[DATA EXTRACT]:
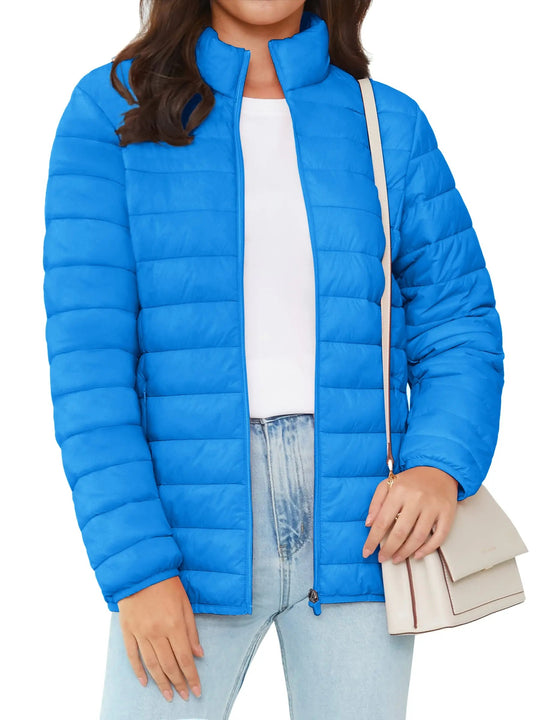 Naisten Full Zip Up Puffer takki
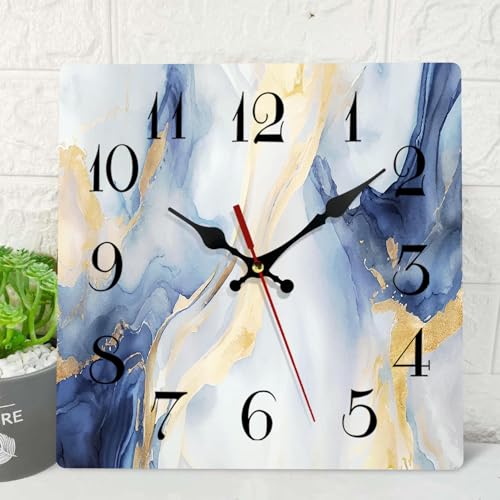 ArtSocket Blue Golden Marble Wooden Wall Clock Silent Non-Ticking, Rose Gold Green Geometric Abstract Square Rustic Wall Clocks Decor for Home Kitchen Living Room Office, Battery Operated(12 Inch)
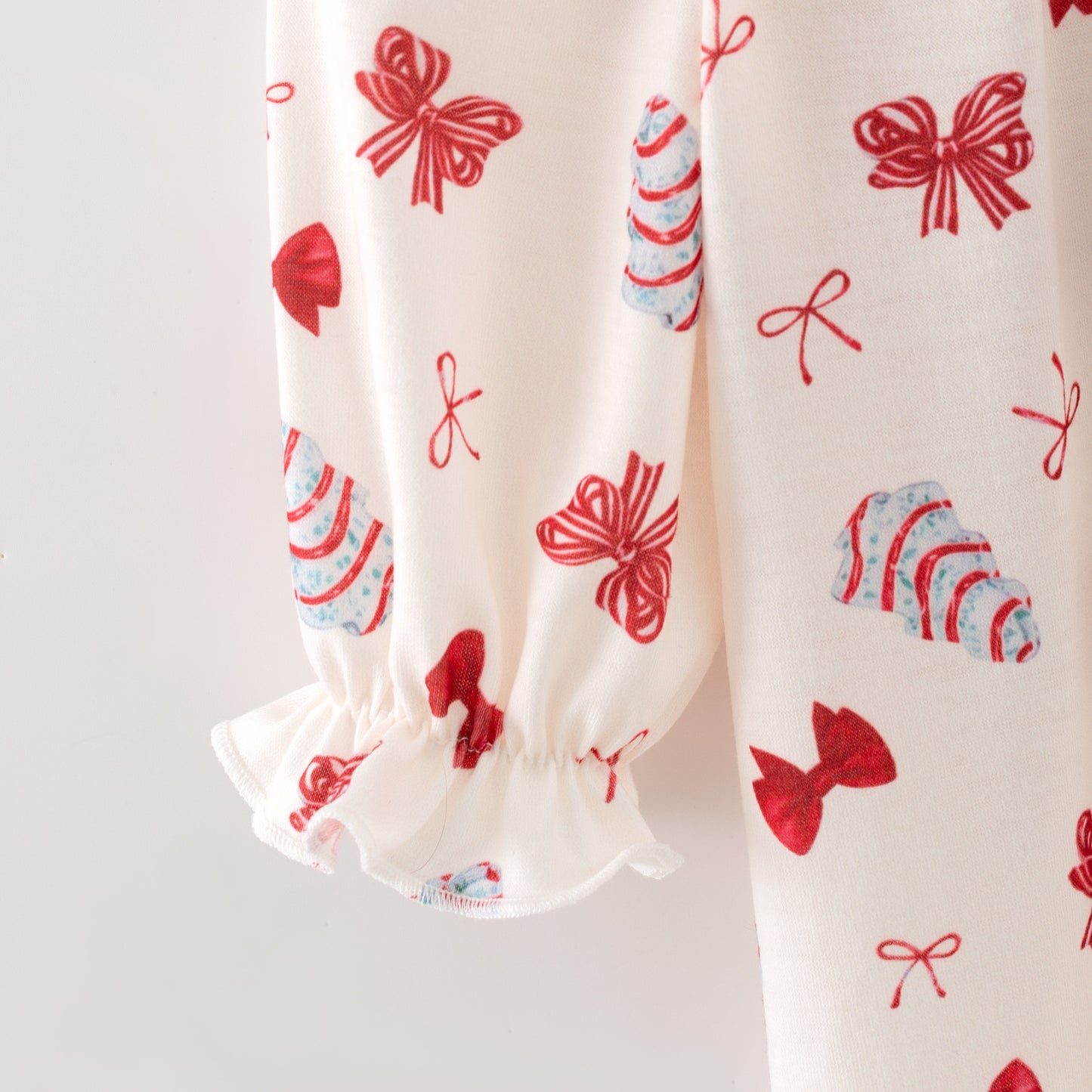 Christmas Tis The Season Sister Embroidered Red Bow Dress&Romper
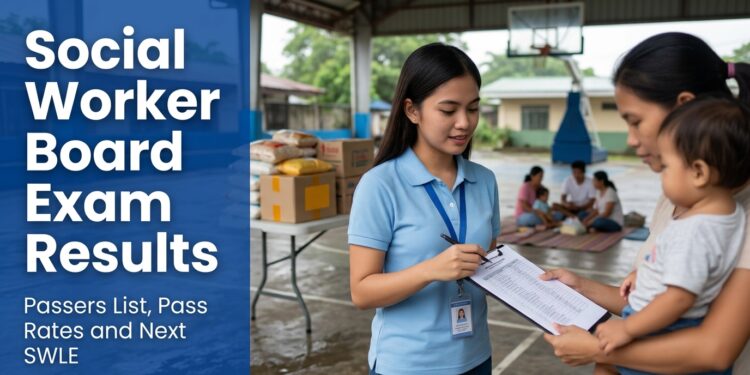 A Filipino social worker with a clipboard checking names at a barangay evacuation center, beside the text "Social Worker Board Exam Results."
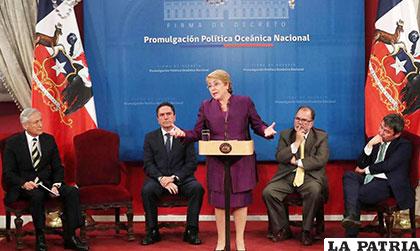 Michelle Bachelet, en una de sus últimas apariciones como mandataria
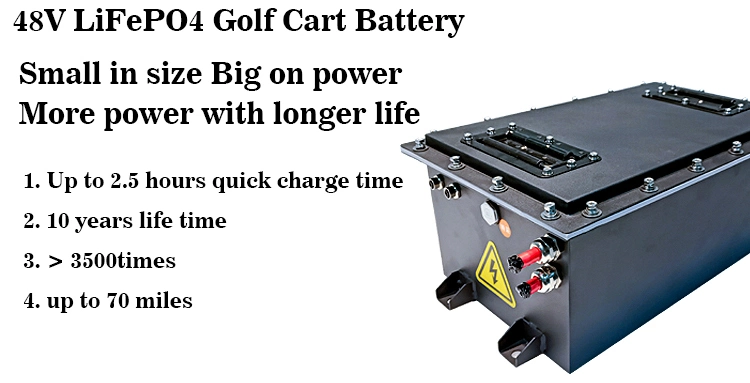 O lítio Ion Battery do OEM 48V 80ah 160ah de Cts para o carrinho de golfe, bateria do poder de LiFePO4 48V 36V personalizou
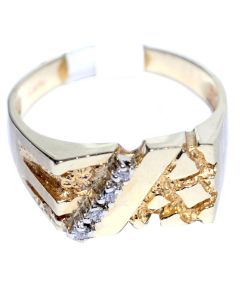 Mens Diamond Ring Nugget Style 0.04ctw Diamonds 14K Yellow Gold Fashion Pinky Wedding Ring
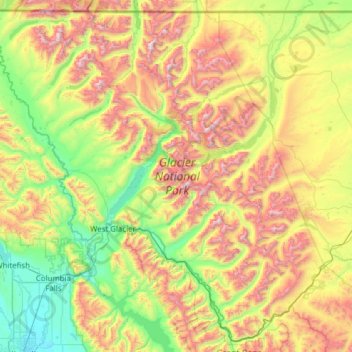 Topografische Karte Glacier National Park, Höhe, Relief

[WORK ITEM]:
In the records above, everything from the line with "A Filipino social" down to the line with "Michelle Bachelet, en" must be duplicated exactly, both lines kept. Leave no pictures in.

[ANSWER SPACE]:
 A Filipino social worker with a clipboard checking names at a barangay evacuation center, beside the text "Social Worker Board Exam Results."
 Michelle Bachelet, en una de sus últimas apariciones como mandataria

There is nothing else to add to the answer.